Safest of travels, Beloved. Praying wisdom and guidance on T’s decision. These are, indeed, precious days. ❤️❌⭕️
Thanks, darlin. ❤️
Beautiful, BAM. Tugs at my heart strings and brings memories of my own two late in life boys. xo
Our “late-ness” gives us extra time to soak in all the blessing. Xox
(I love hearing from you. Thank you.)
These are bittersweet days, indeed. I hold you in my heart as you move toward that thinning edge. All best wishes as your dear boy discerns which campus feels just right. Safe travels to you, and much love. xo
Thank you, beautiful friend. Writing from a little inn in an enchanted little town in the heartland. Reaching across alll the miles……
Xox
LOVE the photo. I have so many fond memories of Will and remember the day you came by the gym with your baby. My threshold is finally retiring after all these years. The melancholy is really starting to hit me. Love to you all…

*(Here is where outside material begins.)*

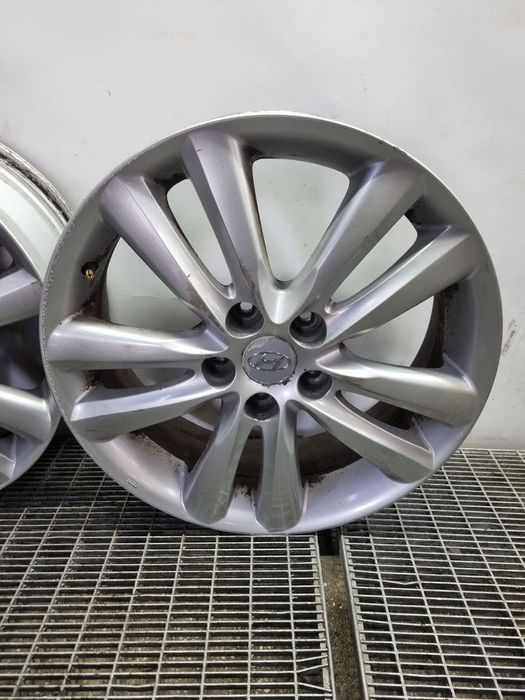 Jante aliaj Hyundai IX35 2010 - 2019 (1491) R18 ET48 5*114.3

oh, dear dear nancy, the most lasting-impact kindergarten PE teacher that ever there was. i still remember sweet will telling me as we rounded the bend on lake shore drive, “mommy, we learned a life lesson today….” imagine the generations of children you’ve taught to be fair, to be big-hearted, to be gentle, to be kind.
welcome to the world after teaching. please come visit. my old maple table is always open for deep-hearted conversation. xoxoxox
I have always enjoyed your reflections on motherhood. My oldest is closing out his freshman year in high school and the sentiments you express are starting to sweep into my soul. Today, my soon-to-be 15-year-old said that he felt childhood has slipped away. College visits. Driving school. Summer school. PSAT. Lifesaving certification. I keep thinking. And agonizing. Four more summers. Four more Easter baskets. Four more birthdays. And then we are done. It literally seems like it just began. It took so much work to bring him into this world and how quickly the moment is coming when I have to let him go. My heart strains and pangs more each day. Thank you for sharing your thoughts.

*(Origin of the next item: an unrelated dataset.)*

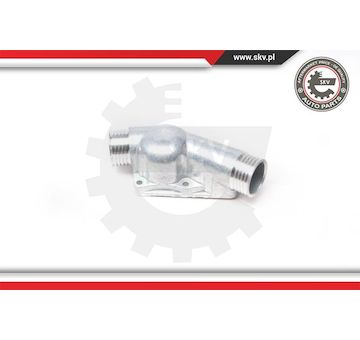 Pouzdro termostatu ESEN SKV 20SKV600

oh, bless that sweet child who is keeping watch on his life as it swirls. reminds me of my older one’s 18th — or was it his 21st? — birthday when he looked at me, and announced, “mom, my childhood is over,” and it hit me like a giant ton of bricks. https://pullupachair.org/2011/06/24/my-childhood-is-over-3/
i’ve spent so many hours — and words — looking forward and back and trying to remind myself to keep my eye on the moment. seize it. love it. wrap my whole heart around it. sounds like you have a wise one who is keeping close watch right along with you. i feel your heart’s strains and pangs, believe me.